Almost half of all workers in the Waterford area are in precarious employment — a situation likely replicated across the entire country.
Speakers at Siptu’s biennial national conference called for an end to the growing issue of precarious employment, citing the frightening statistics from Waterford which, they say, are indicative of the situation elsewhere in Ireland.
They said the issue is not confined to one sector but has permeated working environments in all areas, with thousands of workers stuck on unreliable contracts, facing low pay and irregular hours, which can lead to in-work poverty, undermine workers’ abilities to respond to unexpected expenses, and, in a number of cases, being refused for mortgage applications and private rental contracts.
Two separate motions urged the union to tackle the issue, including from the union’s national executive council which called for cross-union collaboration to promote the issues associated with precarious employment and to develop innovative policies to turn the tide on the issue.

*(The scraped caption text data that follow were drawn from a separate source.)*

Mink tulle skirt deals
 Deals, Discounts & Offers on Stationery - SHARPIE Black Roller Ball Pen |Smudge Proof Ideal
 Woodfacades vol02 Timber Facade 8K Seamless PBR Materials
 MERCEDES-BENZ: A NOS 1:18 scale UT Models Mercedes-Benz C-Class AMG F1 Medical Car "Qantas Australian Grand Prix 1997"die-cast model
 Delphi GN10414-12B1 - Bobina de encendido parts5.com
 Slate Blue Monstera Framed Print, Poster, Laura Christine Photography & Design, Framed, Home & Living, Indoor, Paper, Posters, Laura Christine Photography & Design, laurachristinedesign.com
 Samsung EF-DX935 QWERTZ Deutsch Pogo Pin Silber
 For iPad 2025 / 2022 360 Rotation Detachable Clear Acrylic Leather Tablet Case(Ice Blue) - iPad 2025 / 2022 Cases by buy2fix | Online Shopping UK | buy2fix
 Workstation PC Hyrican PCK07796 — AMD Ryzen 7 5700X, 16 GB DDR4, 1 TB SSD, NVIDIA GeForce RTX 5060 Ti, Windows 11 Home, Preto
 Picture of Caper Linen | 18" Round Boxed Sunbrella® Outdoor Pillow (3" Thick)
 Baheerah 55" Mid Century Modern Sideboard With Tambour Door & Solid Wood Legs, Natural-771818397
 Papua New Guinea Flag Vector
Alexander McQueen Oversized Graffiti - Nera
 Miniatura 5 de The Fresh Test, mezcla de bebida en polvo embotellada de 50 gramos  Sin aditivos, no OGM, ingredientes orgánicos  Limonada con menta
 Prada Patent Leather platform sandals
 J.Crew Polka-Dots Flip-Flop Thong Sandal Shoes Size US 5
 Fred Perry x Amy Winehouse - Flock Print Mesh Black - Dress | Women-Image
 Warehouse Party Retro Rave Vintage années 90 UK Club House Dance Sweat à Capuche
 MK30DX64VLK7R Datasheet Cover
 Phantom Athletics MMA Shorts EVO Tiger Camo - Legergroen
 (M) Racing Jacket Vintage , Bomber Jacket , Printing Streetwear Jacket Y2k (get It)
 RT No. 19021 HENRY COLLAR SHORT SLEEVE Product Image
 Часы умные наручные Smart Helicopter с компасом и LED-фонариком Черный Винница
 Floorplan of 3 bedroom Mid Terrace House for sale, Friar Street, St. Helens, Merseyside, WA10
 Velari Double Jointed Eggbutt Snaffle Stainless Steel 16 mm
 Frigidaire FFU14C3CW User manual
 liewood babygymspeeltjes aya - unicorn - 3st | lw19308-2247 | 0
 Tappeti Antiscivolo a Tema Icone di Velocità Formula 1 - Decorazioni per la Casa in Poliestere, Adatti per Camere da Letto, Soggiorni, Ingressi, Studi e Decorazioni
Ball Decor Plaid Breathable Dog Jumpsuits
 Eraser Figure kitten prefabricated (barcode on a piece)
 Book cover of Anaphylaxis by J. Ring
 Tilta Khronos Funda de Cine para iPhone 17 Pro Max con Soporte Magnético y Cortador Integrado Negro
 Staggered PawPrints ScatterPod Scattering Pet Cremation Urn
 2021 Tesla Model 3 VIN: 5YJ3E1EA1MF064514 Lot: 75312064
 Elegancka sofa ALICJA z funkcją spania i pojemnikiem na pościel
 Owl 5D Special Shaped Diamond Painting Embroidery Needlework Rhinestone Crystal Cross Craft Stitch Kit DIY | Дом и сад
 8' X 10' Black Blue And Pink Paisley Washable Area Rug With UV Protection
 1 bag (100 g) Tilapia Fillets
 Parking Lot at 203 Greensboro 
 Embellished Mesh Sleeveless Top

Catherine Smith, a retail worker, told the conference: “Precarious conditions exist throughout our economy — it destroys incomes, isolates workers, and spreads uncertainties. It is one of the biggest challenges facing our union.
One-in-three workers are affected, she said.
Trevor Skelton from the wholesale retail sector said that the reality is that the numbers affected could actually be even higher.
He cited a recent study on employment in the Waterford area which surveyed some 39,000 workers and found 47% were deemed to be in precarious employment or close to it.
“I guarantee this is the same in every town and city in this country,” Mr Skelton added.